Justin Trudeau a ramé fort pour occuper le plus de place possible dans le débat des chefs d'hier, pour multiplier les échanges avec Stephen Harper.

Et dans cet effort, il n'a pas chaviré.

Le chef libéral quitte sûrement Calgary avec un poids de moins sur les épaules. Ce débat crucial sur l'économie est maintenant derrière lui.

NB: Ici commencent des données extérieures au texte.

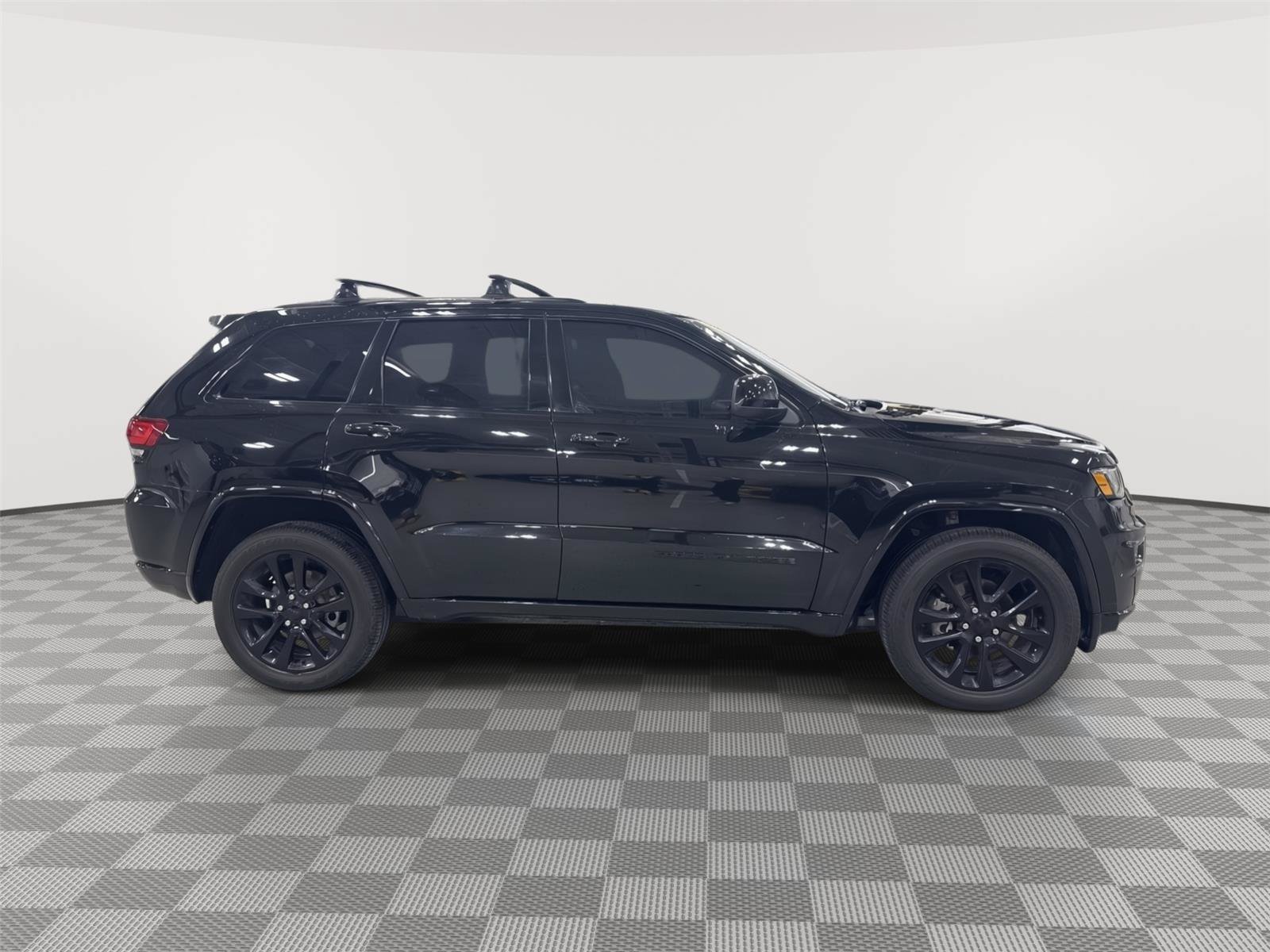 Used 2019 Jeep Grand Cherokee Altitude AWD/4WD image 11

Mais l'enjeu est là pour longtemps, l'économie étant la préoccupation numéro un des Canadiens dans cette campagne. Si les électeurs semblent ouverts à son idée de présenter des déficits pour stimuler l'économie, un récent sondage Nanos montre que Justin Trudeau doit encore les convaincre qu'il mérite leur confiance pour gérer l'économie.

Il lui reste un peu plus de quatre semaines.

En ce lendemain de débat, il reprend d'ailleurs déjà le sentier de la campagne. Mais c'est une journée bien plus tranquille qui l'attend.

Au lieu d'affronter ses adversaires, ce sont des partisans et ses candidats qui l'attendront à son arrivée à Montréal, après quoi, il s'offrira une journée de congé.

Le commentateur sportif Leon Zitrone disait : « Parlez de moi en bien ou en mal, l'essentiel c'est que vous parliez de moi. » C'est peut-être ce que s'est dit Stephen Harper à propos du débat d'hier, tellement il a été au centre des attaques... et en a livré quelques-unes lui-même.

Les conservateurs, comme les autres maîtres du « spin » politique après l'exercice de 90 minutes, étaient satisfaits de la performance de leur chef, estimant qu'il avait été le plus posé, le plus en maîtrise des dossiers.

Son petit sourire en coin parfois cachait-il sa joie de voir ses deux adversaires se déchirer entre eux? En tout cas, il avait retrouvé son geste du premier débat, la main vers son coeur quand il veut convaincre les gens qu'il est sincère.

Le débat est maintenant derrière lui et Stephen Harper fait campagne une dernière journée cette semaine à Calgary, puis à Toronto. Deux joueurs de hockey seront à ses côtés. Sheldon Kennedy, très actif sur la question de la prévention des agressions d'enfants, discutera avec M. Harper une trentaine de minutes.

Et à Toronto, c'est avec Wayne Gretzky qu'on verra le chef conservateur. Le célèbre numéro 99 a déjà donné son appui à M. Harper dans cette campagne. On peut prévoir qu'il sera question de l'Ukraine, entre autres.

C'est un pari intéressant que fait le chef conservateur. De délaisser pour la journée son message économique après un débat qui n'aura porté que sur ça.